> [WORK TO COMPLETE]: From the line that contains "a bedroom with" down to the last line of the data below, restate every line word for word, skipping any images.

Source records:
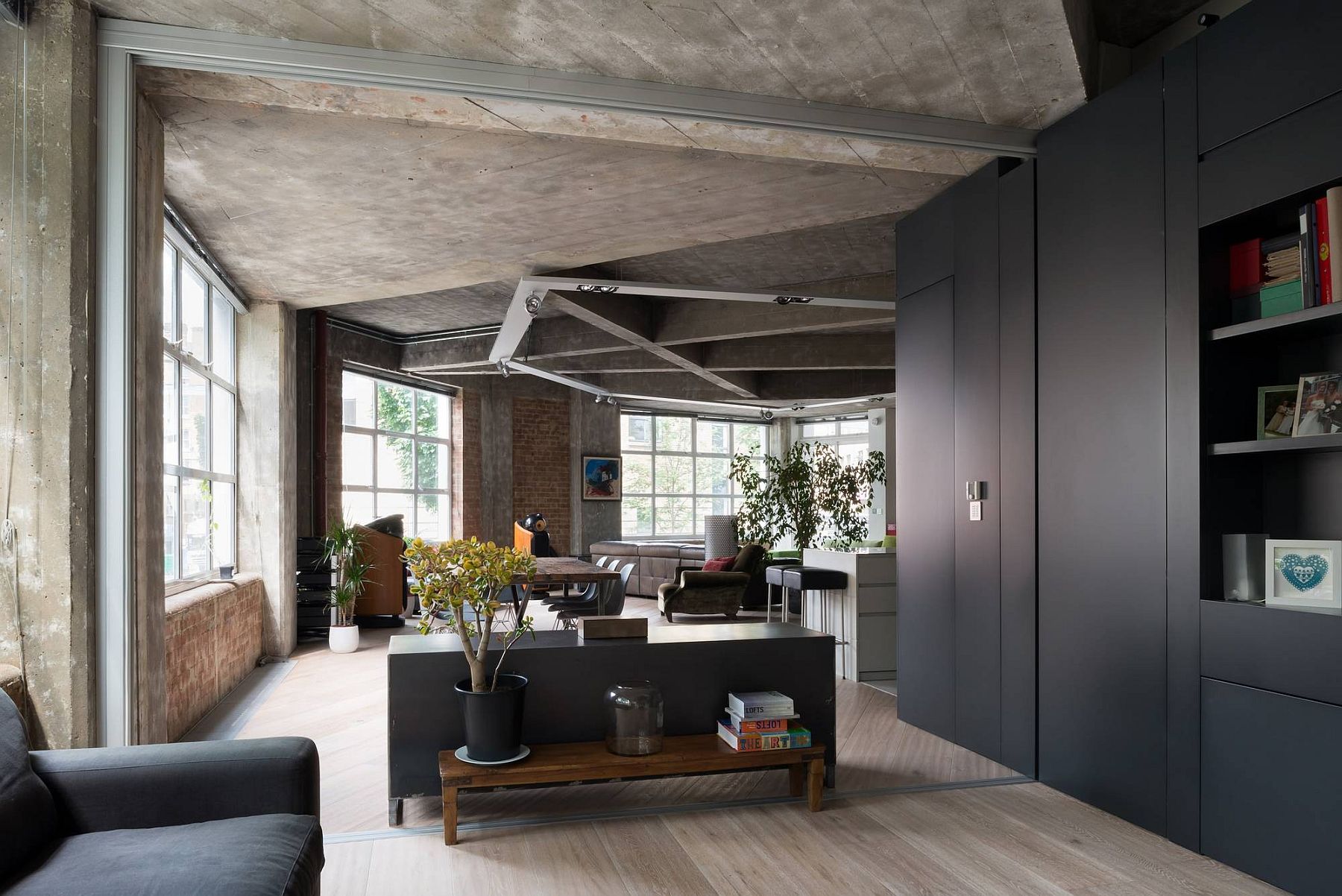 Modern joinery pieces bring modernity to the industrial loft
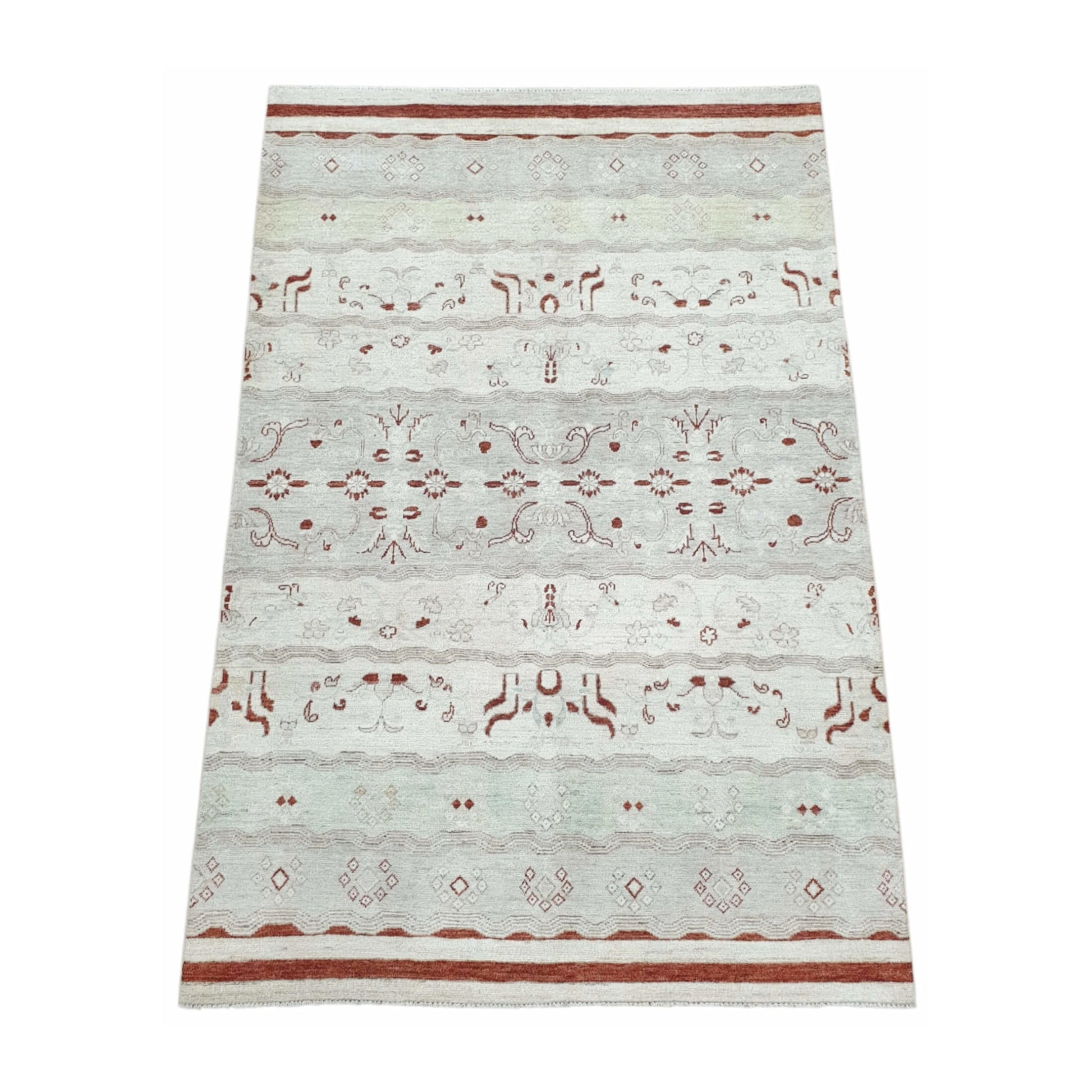Angled full view of Afghan Gabbeh wool rug showing tonal horizontal bands, rust-red motifs and soft off-white wool pile, 250 x 168 cm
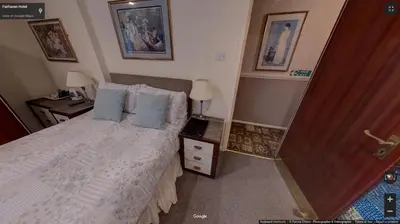 a bedroom with a bed with white sheets and blue pillows at Fairhaven Palentine Road in Blackpool
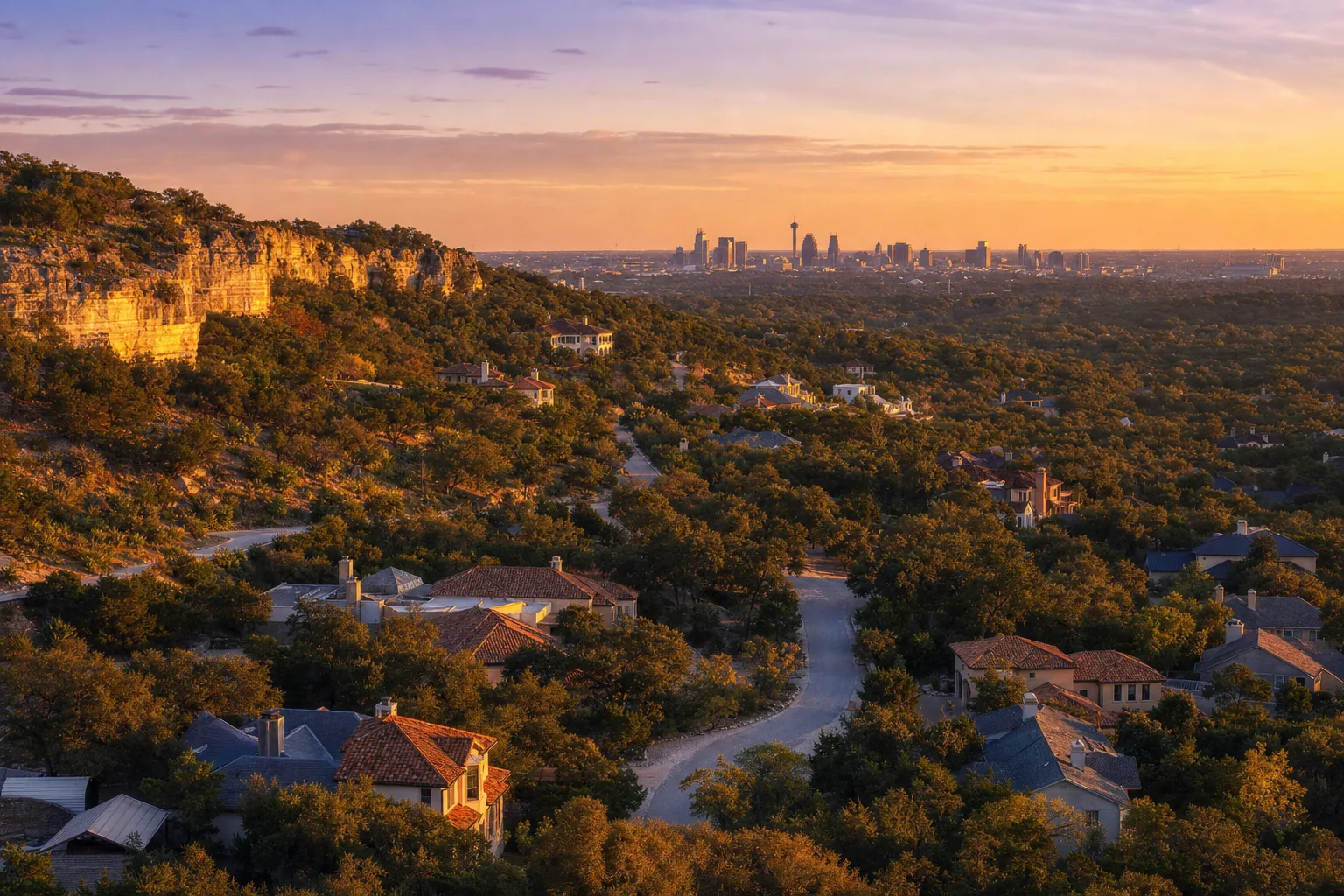 Aerial view of a San Antonio hillside neighborhood at golden hour with the downtown skyline in the distance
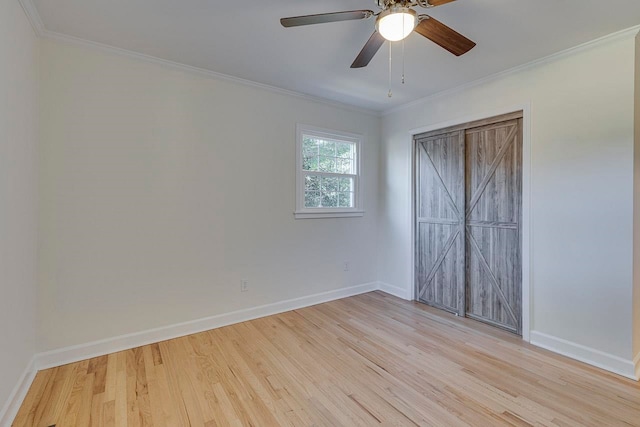 unfurnished bedroom with ornamental molding, ceiling fan, a barn door, light hardwood / wood-style floors, and a closet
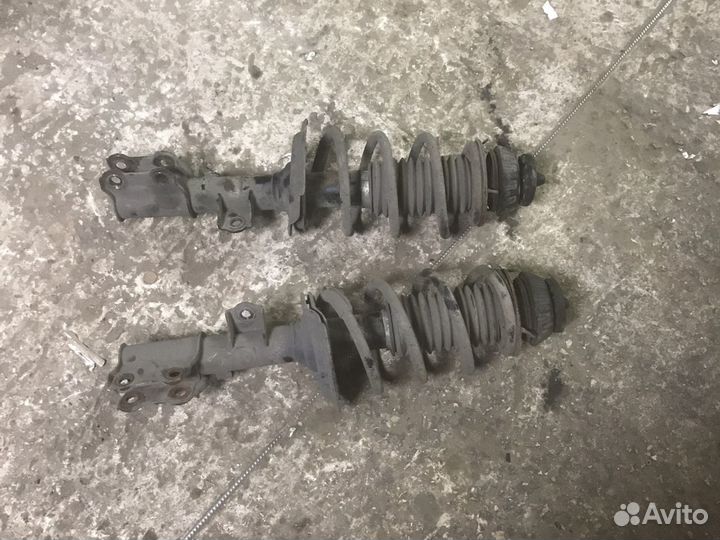 Стойки передние хендай солярис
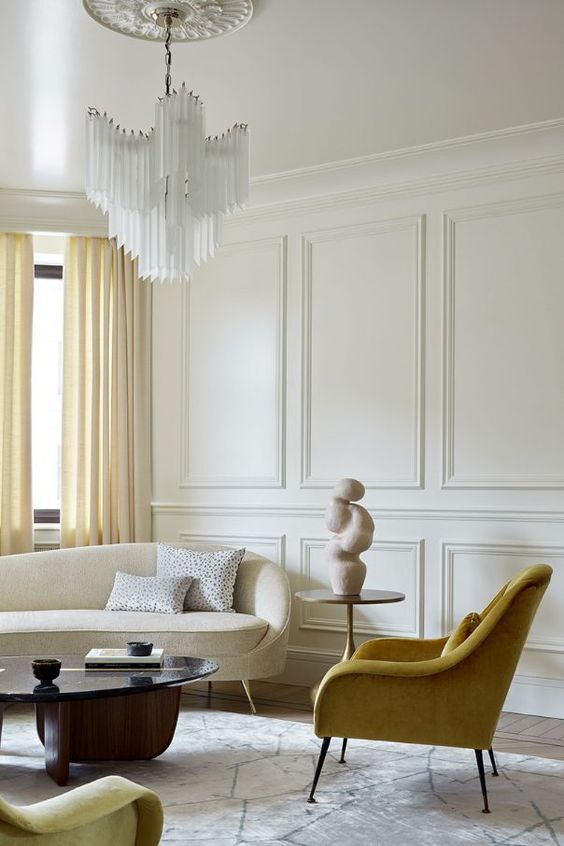 A living room by Lashmanova Design showing a lovely monochromatic yellow color scheme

> [ANSWER FOR THIS EXERCISE]:
 a bedroom with a bed with white sheets and blue pillows at Fairhaven Palentine Road in Blackpool
 Aerial view of a San Antonio hillside neighborhood at golden hour with the downtown skyline in the distance
 unfurnished bedroom with ornamental molding, ceiling fan, a barn door, light hardwood / wood-style floors, and a closet
 Стойки передние хендай солярис
 A living room by Lashmanova Design showing a lovely monochromatic yellow color scheme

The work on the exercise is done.